When you hear the word double-wide, you probably think of a cheap housing solution for poverty-level or lower-priced geographic areas. However, the last several years have brought modular construction to the forefront of efficiency and affordability for both residential and commercial construction needs. Large proptech and construction tech spaces have turned to prefab and modular builds to get their spaces completed.
In fact, so many commercial real estate projects rely on modular construction that is the market is projected to reach upwards of around $157 billion by the year 2023. New York is a current leader in the movement, hosting some of the most ambitious modular hotels found around the world. The AC Marriott in Manhattan is just one exhibition of the modern approach to construction, but locations around the world are turning to modular builds. The U.S. is still somewhat behind its European counterparts, but the efforts of high-profile tech start-ups like Katerra are helping to create awareness of the benefits of modular construction.

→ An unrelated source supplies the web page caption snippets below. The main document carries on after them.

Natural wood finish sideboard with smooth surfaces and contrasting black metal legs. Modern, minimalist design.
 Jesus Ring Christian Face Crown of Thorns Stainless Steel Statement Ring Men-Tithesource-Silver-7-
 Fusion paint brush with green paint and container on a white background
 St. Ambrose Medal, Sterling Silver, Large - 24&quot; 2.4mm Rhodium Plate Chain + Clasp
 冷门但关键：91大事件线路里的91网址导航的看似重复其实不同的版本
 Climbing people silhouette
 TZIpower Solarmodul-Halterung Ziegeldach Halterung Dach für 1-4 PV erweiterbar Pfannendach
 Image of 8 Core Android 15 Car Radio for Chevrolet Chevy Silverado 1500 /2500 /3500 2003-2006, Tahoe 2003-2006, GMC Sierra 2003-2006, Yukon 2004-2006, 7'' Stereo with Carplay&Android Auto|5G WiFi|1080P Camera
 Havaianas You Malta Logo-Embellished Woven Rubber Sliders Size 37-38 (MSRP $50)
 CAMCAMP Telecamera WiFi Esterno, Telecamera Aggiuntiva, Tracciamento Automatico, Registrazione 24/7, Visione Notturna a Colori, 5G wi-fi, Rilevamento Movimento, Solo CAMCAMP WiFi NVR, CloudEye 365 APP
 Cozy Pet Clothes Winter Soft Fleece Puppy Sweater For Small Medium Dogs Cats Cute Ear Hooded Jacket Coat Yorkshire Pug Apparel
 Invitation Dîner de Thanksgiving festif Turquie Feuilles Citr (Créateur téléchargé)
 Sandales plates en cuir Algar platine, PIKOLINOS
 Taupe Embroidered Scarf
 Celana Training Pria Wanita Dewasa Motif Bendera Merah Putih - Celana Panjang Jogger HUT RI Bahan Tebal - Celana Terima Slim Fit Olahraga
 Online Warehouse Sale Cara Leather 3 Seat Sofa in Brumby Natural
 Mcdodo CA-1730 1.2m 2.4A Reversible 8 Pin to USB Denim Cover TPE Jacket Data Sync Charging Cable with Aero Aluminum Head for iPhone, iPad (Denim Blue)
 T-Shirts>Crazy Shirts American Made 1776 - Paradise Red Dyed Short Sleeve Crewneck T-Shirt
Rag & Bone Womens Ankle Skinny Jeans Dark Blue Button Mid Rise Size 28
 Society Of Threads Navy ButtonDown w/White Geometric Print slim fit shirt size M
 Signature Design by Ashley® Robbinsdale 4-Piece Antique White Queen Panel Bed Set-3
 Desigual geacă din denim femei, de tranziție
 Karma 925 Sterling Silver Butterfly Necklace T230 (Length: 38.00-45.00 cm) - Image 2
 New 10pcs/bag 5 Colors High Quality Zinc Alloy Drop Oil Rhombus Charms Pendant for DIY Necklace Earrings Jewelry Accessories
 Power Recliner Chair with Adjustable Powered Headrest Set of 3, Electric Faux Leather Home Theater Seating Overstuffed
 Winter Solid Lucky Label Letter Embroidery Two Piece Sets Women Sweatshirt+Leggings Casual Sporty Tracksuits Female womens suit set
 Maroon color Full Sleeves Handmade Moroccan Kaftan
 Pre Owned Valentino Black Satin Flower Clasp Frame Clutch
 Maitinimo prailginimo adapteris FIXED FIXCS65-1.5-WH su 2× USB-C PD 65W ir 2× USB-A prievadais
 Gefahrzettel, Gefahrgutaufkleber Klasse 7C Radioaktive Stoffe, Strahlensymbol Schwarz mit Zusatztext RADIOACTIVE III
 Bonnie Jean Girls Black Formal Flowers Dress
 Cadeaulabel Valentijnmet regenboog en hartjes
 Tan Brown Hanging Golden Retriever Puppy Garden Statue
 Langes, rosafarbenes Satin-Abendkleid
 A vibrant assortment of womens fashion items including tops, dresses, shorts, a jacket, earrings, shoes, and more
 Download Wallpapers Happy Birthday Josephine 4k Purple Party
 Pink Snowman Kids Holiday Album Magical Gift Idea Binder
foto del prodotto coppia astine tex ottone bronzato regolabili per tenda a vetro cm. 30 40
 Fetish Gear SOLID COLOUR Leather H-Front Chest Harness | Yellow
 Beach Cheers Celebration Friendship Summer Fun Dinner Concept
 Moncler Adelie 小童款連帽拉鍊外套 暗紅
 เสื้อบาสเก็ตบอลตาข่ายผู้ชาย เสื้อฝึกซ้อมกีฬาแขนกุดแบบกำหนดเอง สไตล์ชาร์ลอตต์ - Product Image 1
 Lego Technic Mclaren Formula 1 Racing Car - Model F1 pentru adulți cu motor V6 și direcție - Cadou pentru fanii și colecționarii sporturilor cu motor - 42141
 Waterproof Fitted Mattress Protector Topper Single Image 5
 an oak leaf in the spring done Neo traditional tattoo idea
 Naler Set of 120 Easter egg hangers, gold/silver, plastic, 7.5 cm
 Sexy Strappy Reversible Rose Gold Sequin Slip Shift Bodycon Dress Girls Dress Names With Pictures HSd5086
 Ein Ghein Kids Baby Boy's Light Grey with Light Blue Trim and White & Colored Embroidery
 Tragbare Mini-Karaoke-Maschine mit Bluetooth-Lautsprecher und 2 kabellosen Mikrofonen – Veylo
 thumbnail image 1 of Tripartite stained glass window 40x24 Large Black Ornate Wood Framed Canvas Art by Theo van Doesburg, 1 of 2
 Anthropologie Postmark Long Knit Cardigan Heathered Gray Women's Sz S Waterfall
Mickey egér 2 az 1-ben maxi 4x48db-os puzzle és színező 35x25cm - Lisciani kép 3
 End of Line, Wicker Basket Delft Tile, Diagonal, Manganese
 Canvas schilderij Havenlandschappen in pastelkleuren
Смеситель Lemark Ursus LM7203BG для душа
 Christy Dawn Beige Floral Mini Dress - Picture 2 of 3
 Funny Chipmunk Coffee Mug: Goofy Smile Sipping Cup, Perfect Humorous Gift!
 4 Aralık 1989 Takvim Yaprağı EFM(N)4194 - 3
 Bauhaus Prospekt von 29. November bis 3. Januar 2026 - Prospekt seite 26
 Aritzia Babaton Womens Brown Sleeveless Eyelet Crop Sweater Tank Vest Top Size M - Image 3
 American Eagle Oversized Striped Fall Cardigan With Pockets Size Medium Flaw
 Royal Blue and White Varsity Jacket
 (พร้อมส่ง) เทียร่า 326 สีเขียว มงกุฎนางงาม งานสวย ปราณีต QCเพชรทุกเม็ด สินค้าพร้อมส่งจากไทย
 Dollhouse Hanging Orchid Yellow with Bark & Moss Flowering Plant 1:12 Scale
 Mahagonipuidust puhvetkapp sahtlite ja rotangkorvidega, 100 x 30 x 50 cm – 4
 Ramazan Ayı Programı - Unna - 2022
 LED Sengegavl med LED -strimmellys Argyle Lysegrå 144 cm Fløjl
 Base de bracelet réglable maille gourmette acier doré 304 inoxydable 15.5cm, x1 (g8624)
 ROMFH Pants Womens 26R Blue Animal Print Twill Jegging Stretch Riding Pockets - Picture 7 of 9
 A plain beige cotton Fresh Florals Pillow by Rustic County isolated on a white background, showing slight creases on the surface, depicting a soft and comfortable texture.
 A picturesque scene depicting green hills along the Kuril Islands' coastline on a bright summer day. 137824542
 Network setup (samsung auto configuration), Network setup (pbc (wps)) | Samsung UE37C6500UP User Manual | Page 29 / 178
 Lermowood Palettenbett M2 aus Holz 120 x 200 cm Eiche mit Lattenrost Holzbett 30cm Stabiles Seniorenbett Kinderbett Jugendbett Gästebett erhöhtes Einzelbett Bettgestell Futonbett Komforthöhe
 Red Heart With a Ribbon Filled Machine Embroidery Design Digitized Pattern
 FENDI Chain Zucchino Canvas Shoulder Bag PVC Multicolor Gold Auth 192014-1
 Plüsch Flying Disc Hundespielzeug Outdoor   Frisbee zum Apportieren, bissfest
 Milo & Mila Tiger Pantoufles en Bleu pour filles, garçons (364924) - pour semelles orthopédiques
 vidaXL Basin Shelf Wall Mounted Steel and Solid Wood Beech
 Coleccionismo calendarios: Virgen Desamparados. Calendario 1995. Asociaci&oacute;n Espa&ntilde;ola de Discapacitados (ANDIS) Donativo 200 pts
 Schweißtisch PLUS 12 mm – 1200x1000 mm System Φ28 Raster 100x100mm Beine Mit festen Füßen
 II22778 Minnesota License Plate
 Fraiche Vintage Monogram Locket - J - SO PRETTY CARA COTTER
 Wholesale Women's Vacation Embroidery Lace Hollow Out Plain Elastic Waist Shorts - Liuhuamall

When you think of a normal stick-frame or steel building, materials are trucked into the job site and fastened or pieced together by contracted crews. The project is out in the elements and consistency and efficiency can’t always be guaranteed with the changing circumstance on the job site. This can create costly delays and excess costs with materials. Modular construction is a quick building process that relies on the use of modules.
The nature of the module varies according to the project, but these pieces are constructed within a factory setting and later assembled at the job site. A project may use one or many types of module unites, though a project for commercial purposes (like a hotel) relies on connected links of volumetric or 3D modules. Panel-style or 2D modules are more commonly being incorporated into industrial spaces and office build projects, as these environments support a more open floor plan.
When you choose modular construction, there are some key benefits. First of all, a module build happens much more quickly than a typical construction project. Weather days don’t hamper the factory process, nor do labor challenges become an issue. Factories are always able to hire more labor to account for an increase in demand. It is estimated that a factory build can lower construction times by up to 50%. Assembling the final pieces at the job site is more efficient as well.
Secondly, there is less construction waste, which turns into cost savings for the buyer. It also easier to recycle materials from within a factory setting than at the job-site. Modular construction also fills a need for affordable residential housing, as well as commercial development opportunities. Since these projects are often erected so quickly and much less costly than a traditional home or apartment complex, the savings are passed to renters and buyers.
There should no longer be a stigma concerning modular construction, but there will probably always be a critic somewhere. Modular construction offers tremendous benefits for those looking to develop space as efficiently and cost-effectively as possible.